Les patrons – un groupe financier bénéficiaire – ont le cynisme d’inviter certains à se trouver un emploi à l’intérieur du groupe, ce qui revient à mettre les travailleurs en concurrence les uns avec les autres.

Les syndicalistes appellent à une assemblée générale et à la grève. C’est la seule réponse, collective, pour les travailleurs conscients.

Angoulême (Charente)

Soignants positifs au Covid-19, et maintenus au travail !

Brève
17/11/2020

Des soignants avérés positifs au Covid-19, sans symptômes, doivent continuer à travailler au contact des patients à l’hôpital, dans des Ehpad, des centres pour handicapés, voilà la réalité des faits, dénoncée par la CGT locale ces derniers jours. C’est « une « doctrine nationale, lorsqu’ils sont indispensables au service » » explique la direction de l’Agence régionale de santé.

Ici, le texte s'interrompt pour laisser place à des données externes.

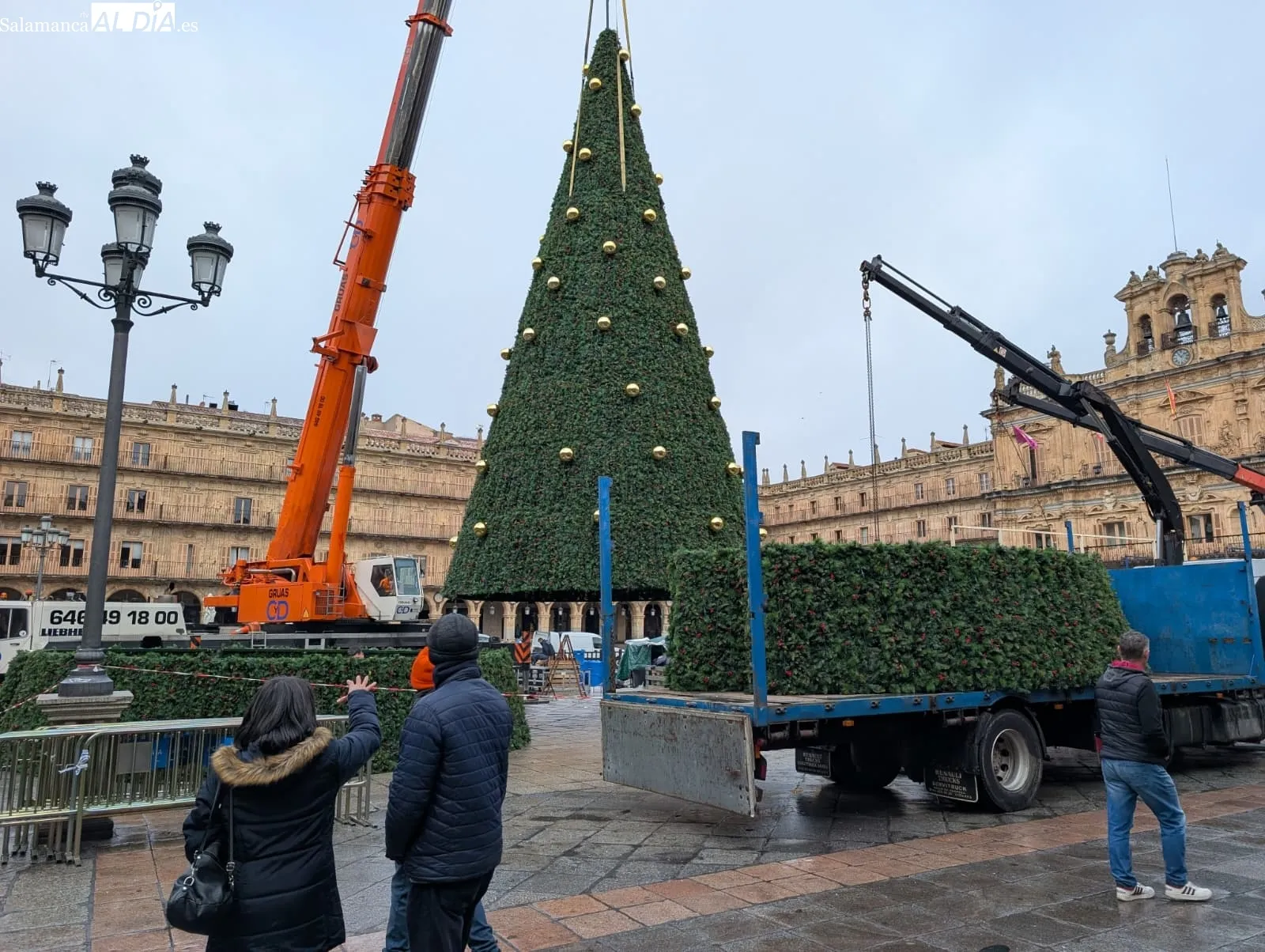 Salamanca dice adiós a la Navidad con el desmontaje del árbol de la Plaza Mayor y el mercado de Anaya | FOTOS: David Sañudo 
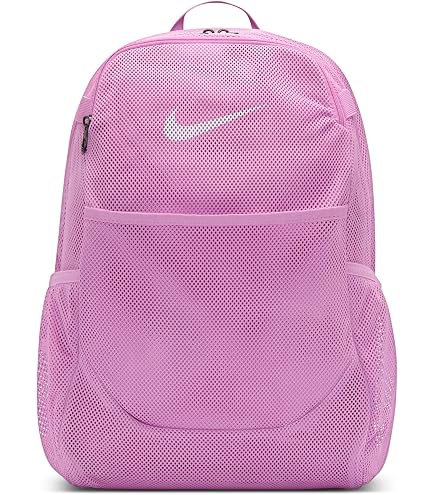 Nike Unisex Kids Heritage Crystal Backpack (25L) (Little Kid/Big Kid) Clear/Black/Black One Size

La réalité, dénoncée par le syndicat, c’est le manque de personnel, aggravé parce que après plusieurs mois de crise sanitaire, pas de recrutement à la hauteur, ni de formation de personnel n’ont eu lieu. Cette pénurie est le résultat des limitations budgétaires des hôpitaux pratiquées par les gouvernements successifs, alors que les milliards pleuvent pour les grandes entreprises. Encore pire que le virus, ce gouvernement (et les précédents), au service des capitalistes.

Angoulême (Charente)

La marée montante du chômage et de la pauvreté, ici, comme partout

Brève
28/10/2020

En quelques jours, la presse locale a jeté un éclairage cru sur la marée montante du chômage et de la pauvreté en Charente : le nombre de chômeurs a augmenté de près de 15 % et celui des personnes qui perçoivent le RSA s’est accru de 10 % sur un an. Des travailleurs se retrouvent sans ressources, sans même les moyens de se nourrir, et se tournent vers les associations caritatives, tel le Secours populaire.

Le virus n’a pas créé la crise et le chômage mais il les a aggravés. Il saute aux yeux que l’organisation capitaliste de la société est incapable de faire vivre des familles entières de travailleurs. Il faut changer cette société qui nous conduit à la catastrophe.

Angoulême (Charente)

Moins de travail, plus de jeunes au chômage

Brève
28/10/2020

Les jeunes Charentais sont particulièrement frappés : ils sont près de 5 000 à se trouver sans emploi, soit plus 8 % sur un an. Parmi eux, plus de 12 % ont basculé vers un chômage de longue durée (un an et plus). Dans le même temps, le nombre d’emploi proposé s’est réduit de 13 %.

Le gouvernement parle de « plan d’urgence ». Et qu’est-ce qu’il met en place ? Des « emplois aidés », précaires, pour lesquels « les aides » bénéficient souvent à l’employeur.

La mesure urgente, c’est de partager le travail entre tous, avec maintien du salaire. Mais cela il faudra l’imposer au patronat et à l’État par de grandes luttes sociales.